Resource Reservation

Resource Reservation is an ability of koord-scheduler for reserving node resources for specific pods or workloads.

Introduction

Pods are fundamental for allocating node resources in Kubernetes, which bind resource requirements with business logic. However, we may allocate resources for specific pods or workloads not created yet in the scenarios below:

  1. Preemption: Existing preemption does not guarantee that only preempting pods can allocate preempted resources. We expect that the scheduler can “lock” resources preventing from allocation of other pods even if they have the same or higher priorities.
  2. De-scheduling: For the descheduler, it is better to ensure sufficient resources before pods get rescheduled. Otherwise, rescheduled pods may not be runnable anymore and make the belonging application disrupted.
  3. Horizontal scaling: To achieve more deterministic horizontal scaling, we expect to allocate node resources for the replicas to scale.
  4. Resource Pre-allocation: We may want to pre-allocate node resources for future resource demands even if the resources are not currently allocatable.
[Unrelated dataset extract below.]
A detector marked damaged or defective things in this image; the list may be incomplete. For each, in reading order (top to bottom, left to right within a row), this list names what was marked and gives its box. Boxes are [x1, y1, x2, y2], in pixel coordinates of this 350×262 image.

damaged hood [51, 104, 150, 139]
To enhance the resource scheduling of Kubernetes, koord-scheduler provides a scheduling API named Reservation, which allows us to reserve node resources for specified pods or workloads even if they haven’t get created yet.

image

For more information, please see Design: Resource Reservation.

Setup

Prerequisite

  • Kubernetes >= 1.18
  • Koordinator >= 0.6

Installation

Please make sure Koordinator components are correctly installed in your cluster. If not, please refer to Installation.

Configurations

Resource Reservation is Enabled by default. You can use it without any modification on the koord-scheduler config.

Use Resource Reservation

Quick Start

  1. Deploy a reservation reservation-demo with the YAML file below.
  1. apiVersion: scheduling.koordinator.sh/v1alpha1
  2. kind: Reservation
  3. metadata:
  4. name: reservation-demo
  5. spec:
  6. template: # set resource requirements
  7. namespace: default
  8. spec:
  9. containers:
  10. - args:
  11. - '-c'
  12. - '1'
  13. command:
  14. - stress
  15. image: polinux/stress
  16. imagePullPolicy: Always
  17. name: stress
  18. resources: # reserve 500m cpu and 800Mi memory
  19. requests:
  20. cpu: 500m
  21. memory: 800Mi
  22. schedulerName: koord-scheduler # use koord-scheduler
  23. owners: # set the owner specifications
  24. - object: # owner pods whose name is `default/pod-demo-0`
  25. name: pod-demo-0
  26. namespace: default
  27. ttl: 1h # set the TTL, the reservation will get expired 1 hour later
  1. $ kubectl create -f reservation-demo.yaml
  2. reservation.scheduling.koordinator.sh/reservation-demo created
  1. Watch the reservation status util it becomes available.
  1. $ kubectl get reservation reservation-demo -o wide
  2. NAME PHASE AGE NODE TTL EXPIRES
  3. reservation-demo Available 88s node-0 1h
  1. Deploy a pod pod-demo-0 with the YAML file below.
  1. apiVersion: v1
  2. kind: Pod
  3. metadata:
  4. name: pod-demo-0 # match the owner spec of `reservation-demo`
  5. spec:
  6. containers:
  7. - args:
  8. - '-c'
  9. - '1'
  10. command:
  11. - stress
  12. image: polinux/stress
  13. imagePullPolicy: Always
  14. name: stress
  15. resources:
  16. limits:
  17. cpu: '1'
  18. memory: 1Gi
  19. requests:
  20. cpu: 200m
  21. memory: 400Mi
  22. restartPolicy: Always
  23. schedulerName: koord-scheduler # use koord-scheduler
  1. $ kubectl create -f pod-demo-0.yaml
  2. pod/pod-demo-0 created
  1. Check the scheduled result of the pod pod-demo-0.
  1. $ kubectl get pod pod-demo-0 -o wide
  2. NAME READY STATUS RESTARTS AGE IP NODE NOMINATED NODE READINESS GATES
  3. pod-demo-0 1/1 Running 0 32s 10.17.0.123 node-0 <none> <none>

pod-demo-0 is scheduled at the same node with reservation-demo.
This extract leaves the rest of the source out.